But Fisher insists, and it appears to be true, that Abrams harbors a great deal of respect for institutions that have greater depth than radio. “Newspapers are one of the last places for smart people,” says Abrams. “I just want to bust the myth that change means dumbing it down.” Downsized staffs, reduced budgets, and shrinking newsholes, Abrams says, are things the industry must learn to work with. “Doing more with important stories at the expense of marginally interesting ones” is one way to address it, he says. “Like TV, where there’s limited time and you need to hit the hot button, story after story, the new reality of newspapers is limited space.”
Fisher predicts that Abrams’s first response will be “to lard on a whole bunch of showbiz. He definitely believes in sizzle, but he also believes in steak. The problem is he has never worked in a field where there is so much steak. In radio, the news department is usually one guy and virtually all of the content in radio news is repurposed, which is a polite way of saying ripped off, and the idea that you would have this enormous infrastructure doing newsgathering is fairly alien.”
And yet, Fisher believes that Abrams possesses a savant’s talent for connecting content to consumers. The radio man’s preternatural confidence comes from decades of hearing from all sides that he is a revolutionary. “He has all sorts of theories,” says Fisher, who, in the course of researching his book, read hundreds of pages of Abrams’s XM strategy memos. “They tend to be fairly abstract, and they tend to be off-the-cuff, and he tends to write them on napkins.
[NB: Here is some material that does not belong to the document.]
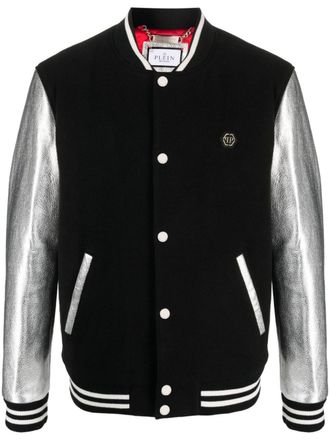 Philipp Plein Bomber metallizzato - Nero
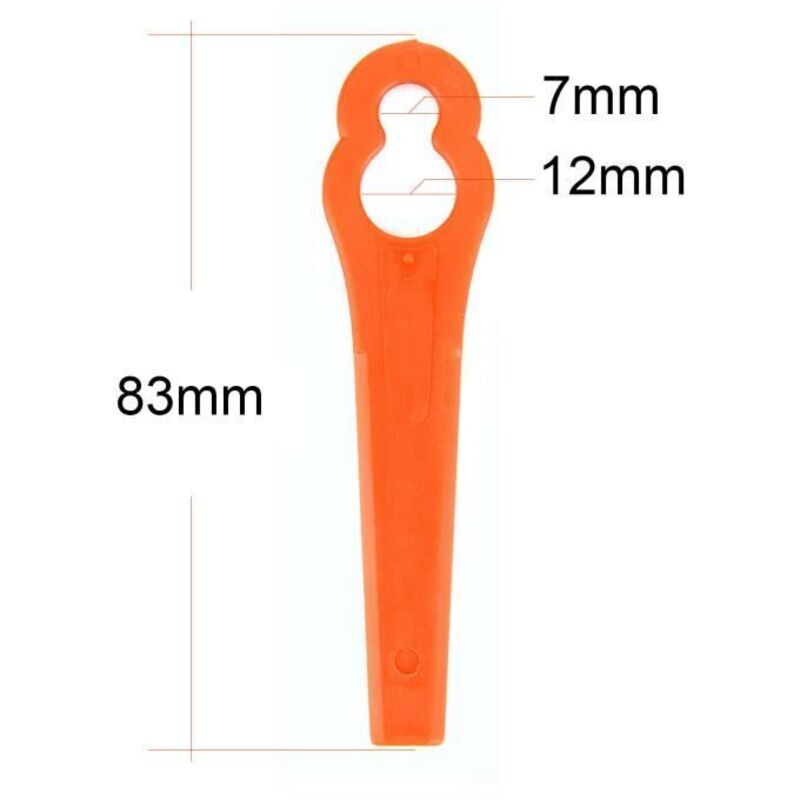50 Ersatzmesser Für Den Einhell Ge-ct 18 Li Akku-freischneider, Orange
So for him to make the transition from the very small world of radio—where a station is run by a handful of people—into massive metropolitan newsrooms, which have lots of specialties, is an almost unfathomable leap.”
In the Time of the Buyout
The lunatic is in the hall. The lunatics are in my hall. The paper holds their folded faces to the floor And every day the paper boy brings more. — Pink Floyd, “Brain Damage” Dark Side of the Moon, 1973
There is fear and anger in the Tribune Company’s newsrooms. I spoke to a half dozen reporters and editors, but only one agreed to go on the record. The possibility of reprisals from management or fellow journalists has silenced normally voluble media types. So they snicker over parodies of Abrams’s memos and point me toward Web sites like tellzell.com, which collects dispatches from Tribune Company trenches. Longtime employees fret that if they say something negative, their severance may be affected; if they say something positive—and there was plenty of anonymous praise for Abrams—they may be perceived as suck-ups.
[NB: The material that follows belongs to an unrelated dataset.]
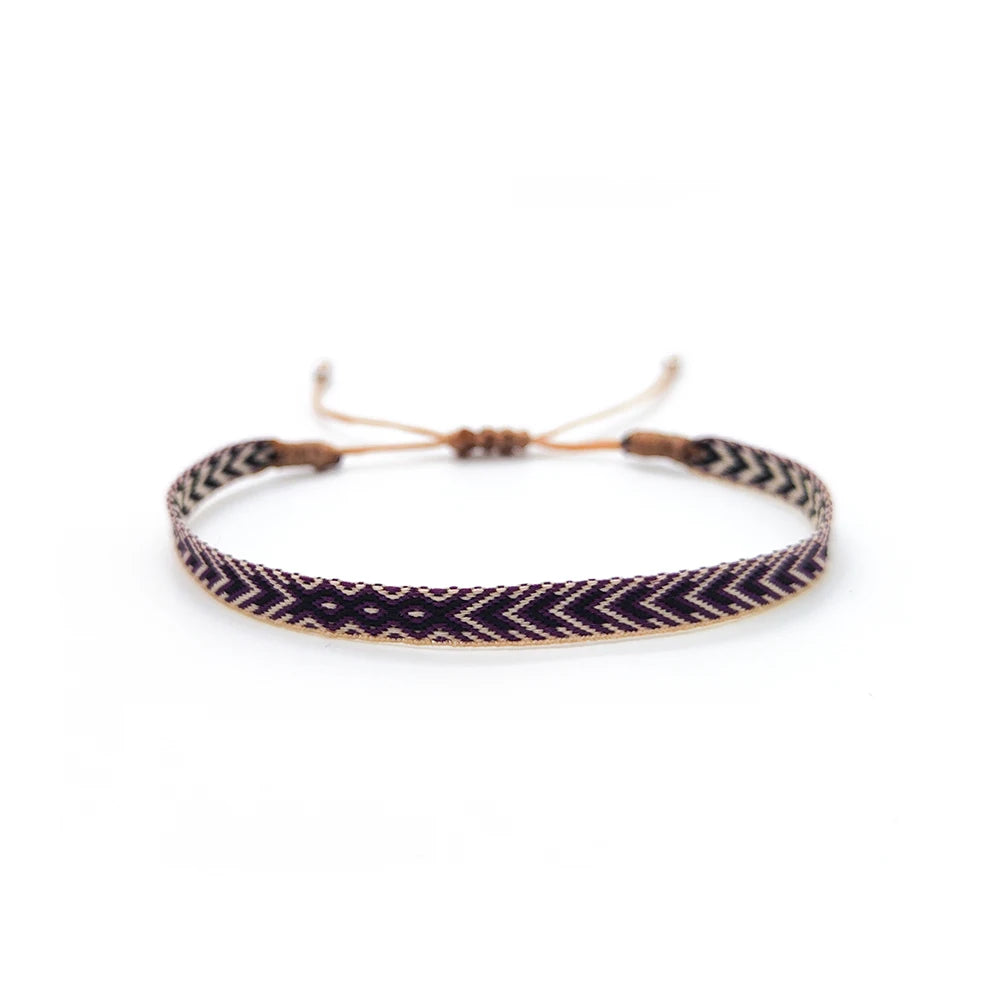 Handwoven Boho Friendship Bracelet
“Staffers who’ve been here for a long time, we’re middle-aged, and so this is very threatening to us,” says one woman, a reporter with the Chicago Tribune. “A revolution is happening, and we know something needs to happen but we don’t know what. So these guys, who are even older than us, come in. And even though Lee in my opinion does have some good ideas, he doesn’t understand the future any more than we do. If we’re going to have a revolution, let’s put somebody of a different generation in charge of it.”
At the Orlando Sentinel, the revolution has begun. During the spring, Abrams rolled into town, a wild-eyed Einstein in a black T-shirt, his head full of new ideas. After meeting with a group of editors, he pronounced himself pleased with their reaction to his call to arms. He told me the reaction to his ideas in general runs this way: “Eighty percent of people are, ‘Yes! This is what we need.’ Ten percent are just, ‘What is this guy talking about?’ And then there’s 10 percent open resistance—‘This is nonsense.’ ” According to one Sentinel staff member who met with him, Abrams is definitely more effective when presenting himself in person than through his memos: “He was approachable, eager to listen to ideas, and pleased with the redesign that our staff had come up with. He was genuinely enthusiastic.”